What’s the next number in this sequence?

1 11 21 1211 111221 …

If you’d like some time to go away and think about it, take time now.

Before I go into the answer, I’d like to share the historical origins of this sequence. First introduced and analysed by mathematician John Conway, the sequence connects to important applications in computer encoding, and has teased the brains of countless mathematicians around the world since he first wrote about it in the Archimedeans’ Eureka Magazine back in 1986.

Have you figured it out yet? If not, it may help you to know that this sequence is known as the ‘Look and Say’ sequence – if you read out each number, as a series of digits rather than a word, it might jump out at you.

The Answer

The terms in the sequence each describe the previous term in the sequence – if you say them out loud. The first term, 1, initialises the sequence; then the next term, ‘one one’ (11), describes that, since it consists of one ‘one’. The next term is ‘two ones’ (21), then ‘one two, one one’ (1211), and so on.

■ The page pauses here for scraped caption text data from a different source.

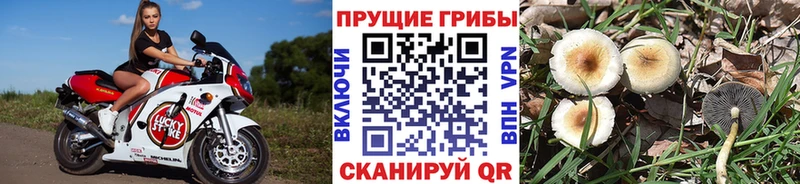 Галлюциногенные грибы MAGIC MUSHROOMS  Купить  Новая Ладога 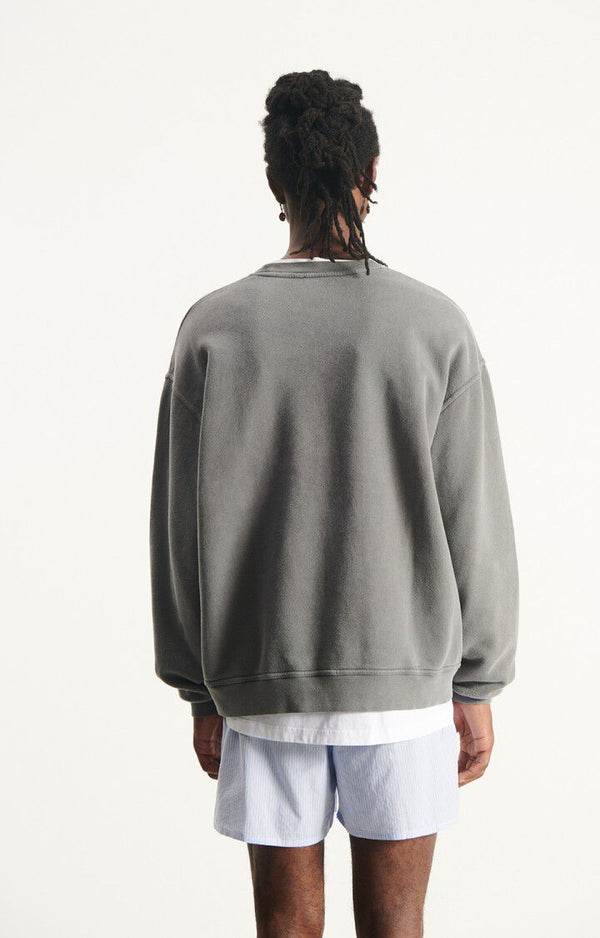 Sweat-shirt Plizzy Vintage Ash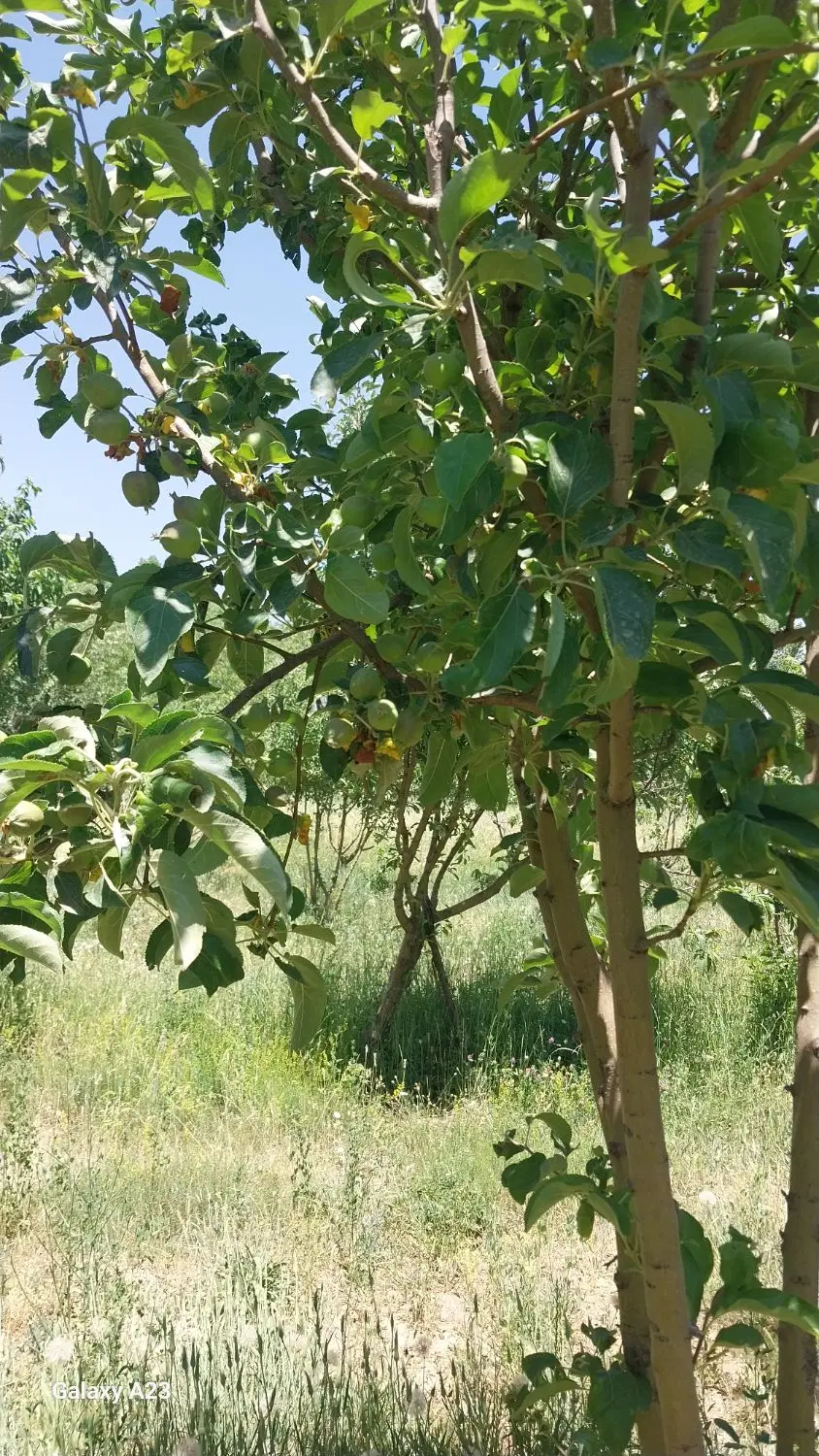 باغ آباد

The answer to my puzzle was therefore 312211 (‘three ones, two twos, one one’) and the sequence can be continued similarly. You may have been struggling to find a more mathematical sequence, connected to the values of the numbers – and it could be argued this is less of a mathematical puzzle and more of a linguistic one.

If you’d like a more mathematical challenge, you could content yourself with trying to prove the fact that this sequence can never contain a number larger than a 3, and separately that no entry can never contain the sequence ‘333’.

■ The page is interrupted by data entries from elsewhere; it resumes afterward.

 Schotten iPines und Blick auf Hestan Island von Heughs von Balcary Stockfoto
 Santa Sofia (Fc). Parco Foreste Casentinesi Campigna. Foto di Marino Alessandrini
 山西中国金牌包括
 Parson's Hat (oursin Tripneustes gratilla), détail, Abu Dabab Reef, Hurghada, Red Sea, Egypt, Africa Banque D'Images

So it’s a fun mathematical curiosity. But is it mathematically important? As with so much of recreational maths, the answer is ‘maybe’! This sequence is related to a commonly used method in data compression and storage, called run-length encoding.

Efficient Use of Space

It’s often desirable to reduce the amount of computer memory needed to store a piece of information, and for certain data files, reducing their size can be achieved by simply describing what you see, just like in the sequence. For example, if my file consisted of 400 instances of the word ‘hello’, it would take significantly less storage to just store the words “400 instances of the word ‘hello’”; or even, “hello×400”. With pre-agreed conventions, data that contains any amount of repetition – sequences of the same digit, or chunks of data that occur more than once – can be compacted down, rather than writing out the whole thing in full.

Some version of this method has been used since as far back as the 1960s in transmission of TV signals and by fax machines, and has plenty of applications. Similar approaches can be applied to, for example, image files – rather than encoding the colour of every pixel of an image separately, it’s less information to just store the colours and location of regions of similar colour, and this is exploited well by the GIF and PNG image encoding formats.

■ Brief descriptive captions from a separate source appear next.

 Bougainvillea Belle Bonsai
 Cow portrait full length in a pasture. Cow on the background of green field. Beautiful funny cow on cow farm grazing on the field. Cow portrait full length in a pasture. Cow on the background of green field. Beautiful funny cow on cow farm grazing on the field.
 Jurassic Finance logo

The amount of space you can save depends heavily on the complexity of the image – so, a GIF file of a simple black-and-white checkerboard would take up much less disk space than a full-colour photo with lots of detail, even if they both have the same size in pixels. This also illustrates that you have to be careful what you apply it to – some data sets actually get larger when run-length encoded!

This is also a very desirable way to compress information – since the original message can be restored in full, without any data loss, it’s called ‘lossless compression’. This is one of the main ‘holy grails’ of data compression – to be able to reduce file size without losing any information.

Conway’s Constant

Conway studied the ‘Look and Say’ sequence, considering the rate of growth of the length of a string and determining a constant \(\lambda = 1.303577269034\ldots\), known as Conway’s constant, which describes the average rate at which the length increases. The exact value of this constant is given by a polynomial of degree 71.

He also has a bit of fun in his column (p.5 onwards) applying ideas behind this simple sequence to a metaphorical set of ‘chemical elements’ by analogy with the atoms that make up the universe. He presents a ‘periodic table’ with a string of 1s, 2s and 3s assigned to each element, playing with how the elements combine and eventually reaching a ‘Cosmological Theorem’ about how such sequences are structured, with a plea for someone to help by finding a shorter proof of his result. From a simple idea to a metaphorical theory about the universe!

You might be wondering what it was that inspired me to tell you about this – actually, it was the exciting (for me) realisation that earlier this month we celebrated 1/11/21 – surely the perfect date to study a sequence that starts 1, 11, 21 (and the last time in a while we’ll be able to!) Thanks to maths teacher Chris Smith for sharing this lovely video and bringing this auspicious date to my attention.